#### [Task description]
Write the lines below out exactly, dropping each picture.

#### [Dataset]
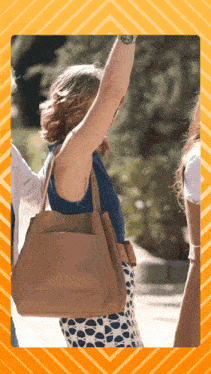 a woman wearing a watch and a tan purse
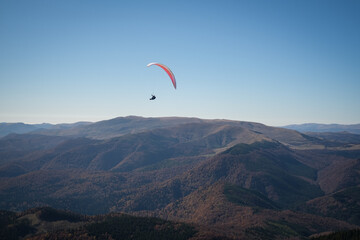 Paragliding in Ciucas mountains, Romania, during autumn season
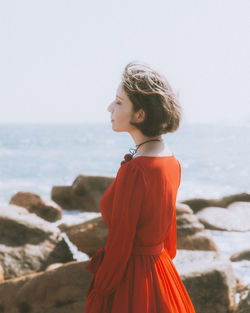 Young woman at beach against sky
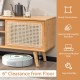Modern TV stand in natural bamboo with rattan sliding doors, featuring 6" clearance and adjustable shelf for versatile.
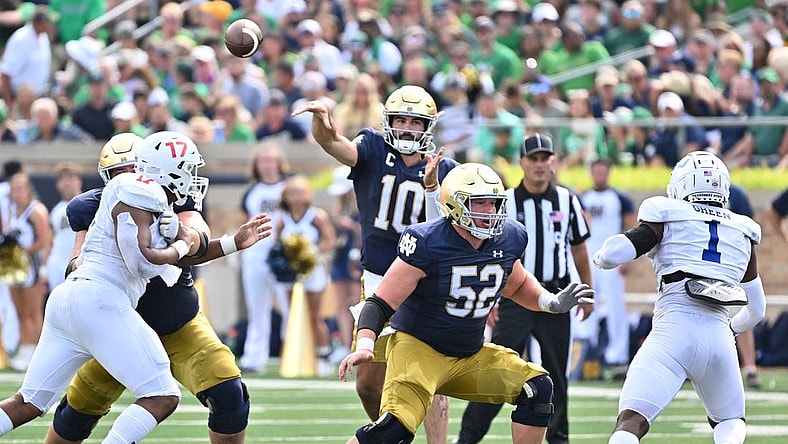 Sep 2, 2023; South Bend, Indiana, USA; Notre Dame Fighting Irish quarterback Sam Hartman (10) throws in the second quarter against the Tennessee State Tigers at Notre Dame Stadium. Mandatory Credit: Matt Cashore-USA TODAY Sports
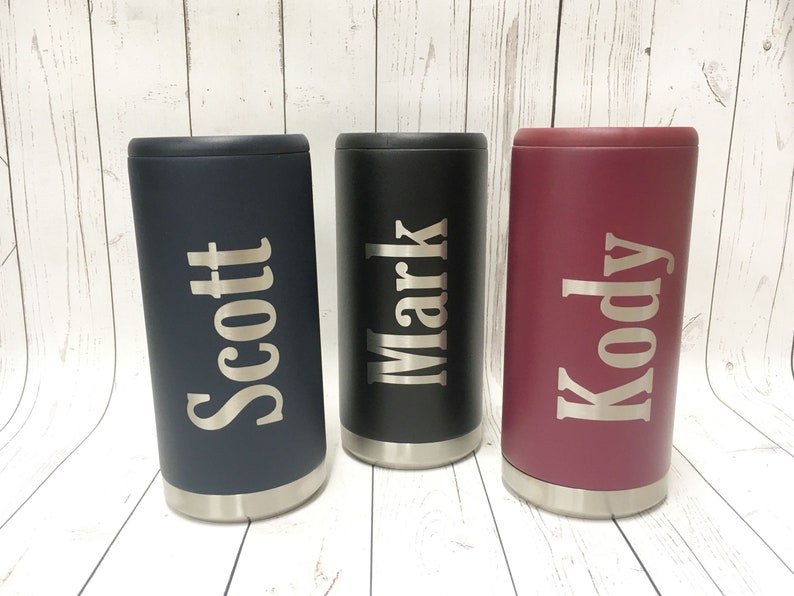 May include: Three personalized stainless steel can coolers. The coolers are in navy blue, black, and burgundy. The names "Scott", "Mark", and "Kody" are engraved on the coolers.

#### [Task output]
 a woman wearing a watch and a tan purse
 Paragliding in Ciucas mountains, Romania, during autumn season
 Young woman at beach against sky
Modern TV stand in natural bamboo with rattan sliding doors, featuring 6" clearance and adjustable shelf for versatile.
 Sep 2, 2023; South Bend, Indiana, USA; Notre Dame Fighting Irish quarterback Sam Hartman (10) throws in the second quarter against the Tennessee State Tigers at Notre Dame Stadium. Mandatory Credit: Matt Cashore-USA TODAY Sports
 May include: Three personalized stainless steel can coolers. The coolers are in navy blue, black, and burgundy. The names "Scott", "Mark", and "Kody" are engraved on the coolers.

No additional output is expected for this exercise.